Now my impression of Eric's church has always been that it's decidedly mainline. It's quiet and respectable and generically Protestant. So the impression that the show gives (at least this episode) is that the lively, bustling megachurch with lots of teenagers is liberal about sexual issues, while the quiet mainline community church is conservative (Eric is clearly and decidedly opposed to sex before marriage, and encourages his daughter Lucy to start teaching a class on abstinence at their church). This makes a lot of sense, from an abstract, deductive point of view. You would think that in fact quiet old-fashioned churches that have trouble hanging on to their young people would be conservative, while bustling churches with titles like "the Chapel of Renewed Faith" would be liberal. This, after all, is what prophets of modern enlightenment like Bishop +Spong are always assuring us. If you want to attract the rising generation, you can't hang on to outdated notions of either theology or morality.

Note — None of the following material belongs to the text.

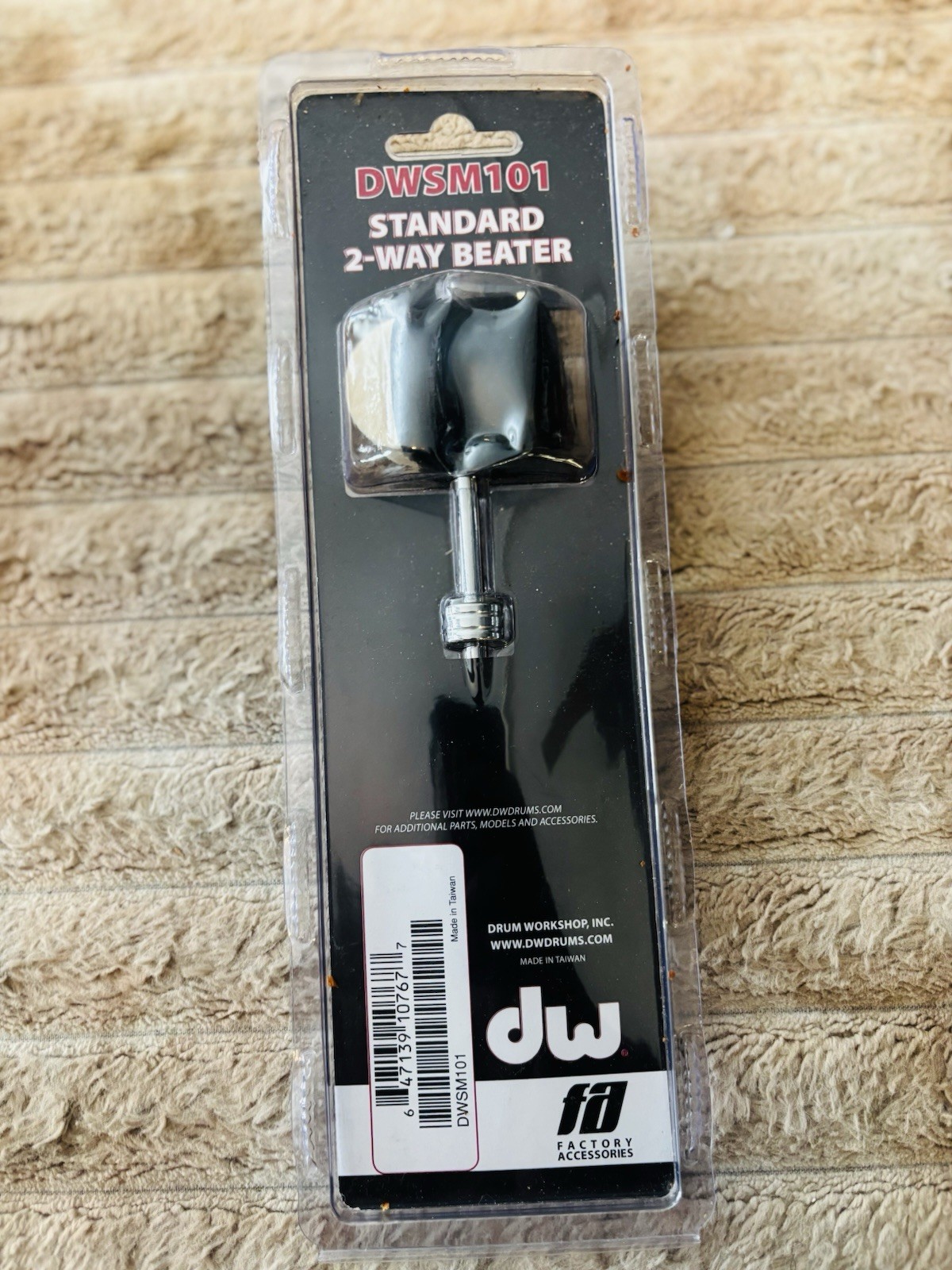 Dw Dwsm101 Standard 2-way Beater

But in fact, as most people (but apparently not the writers of this episode) know, the reality is almost exactly the opposite. Far more likely than not, the megachurch with oceanic parking lots and Napoleonic armies of youth is trumpeting the virtue of chastity. The graying mainline church is probably more likely to avoid such a subject altogether, and hence to be condemned as "irrelevant." (Although my wife, who knows far more about mainline Protestants than I do, has just pointed out that in fact youth programs are frequently the most conservative part of a mainline church. Which reinforces my point.)

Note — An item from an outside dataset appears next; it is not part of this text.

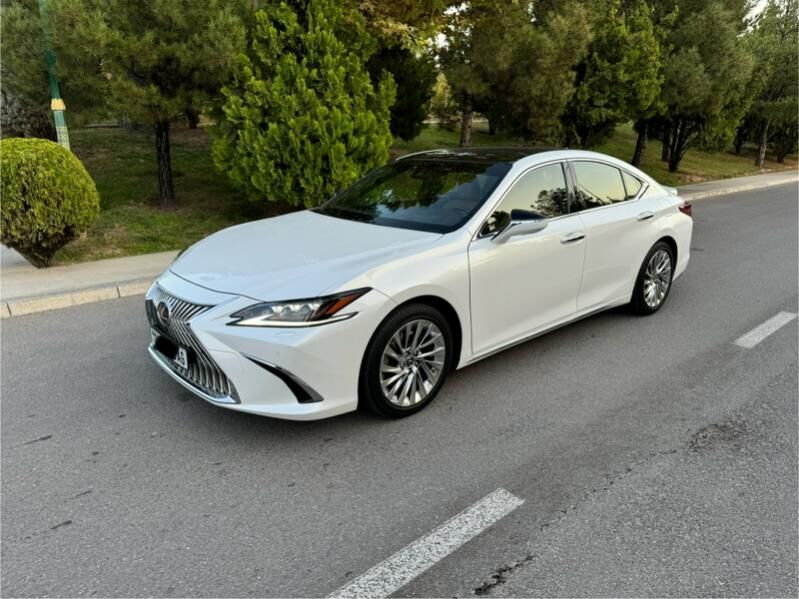 Lexus ES 350 2021 - 880 000 TMT - Ашхабад - img 10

This is not particularly a criticism of _Seventh Heaven_. I was impressed with the episode, if only because Eric actually used the name of Christ, which respectable pastors in fictional TV shows rarely do. (He tells Simon something like, "You can't go from one casual relationship to another, because you have more than a casual relationship with Christ.") It's quite possible that the writers of the episode are in fact Christians, and that their blunder about the nature of obnoxious megachurches arose from an insider's bias rather than an outsider's ignorance. If I were writing a TV show, I'd be tempted to portray things that way as well. To me, a conservative mainliner with traditional tastes, the contemporary combination of conservative theology and morals with a total distaste for traditional style (particularly in worship) is acutely distressing. Lex orandi lex credendi. If your approach to the Christian faith is fundamentally pragmatic and driven by marketing forces, then you are not truly orthodox, however many conservative doctrines you proclaim. Fortunately, while there are relatively few churches like the Chapel of Renewed Faith, there are in fact a number of churches like Eric's.

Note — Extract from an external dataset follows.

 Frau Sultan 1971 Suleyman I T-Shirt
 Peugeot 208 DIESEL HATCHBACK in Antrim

The fact remains, though, that churches are far more likely to attract new members, especially young ones, if they are _less_ permissive. This has been shown well by a number of sociologists of religion such as Rodney Stark and Roger Finke. People are paradoxically _attracted_ to a church with high "costs," because it seems worth belonging to. I should add (as Stark and Finke generally do not) that churches can in fact grow and prosper without being conservative in moral and doctrinal teaching. Boldly liberal churches also seem to flourish. (I'd argue that such churches offer different kinds of "costs," and different kinds of rewards. The beloved and successful Methodist campus minister at Duke University, for instance, is an unabashed liberal and inspires college students by challenging them to work for social justice instead of earning millions as corporate lawyers.) The real losers, in our religious economy, appear to be churches that are too "mainline" to be brash about orthodoxy and too timid (or too orthodox) to be flagrantly liberal. In other words, the Chapel of Renewed Faith really might exist somewhere. It just isn't typical. Eric's church, on the other hand, which loses its young people because it is too embarrassed and respectable to talk about sex at all, is a fairly accurate and typical picture.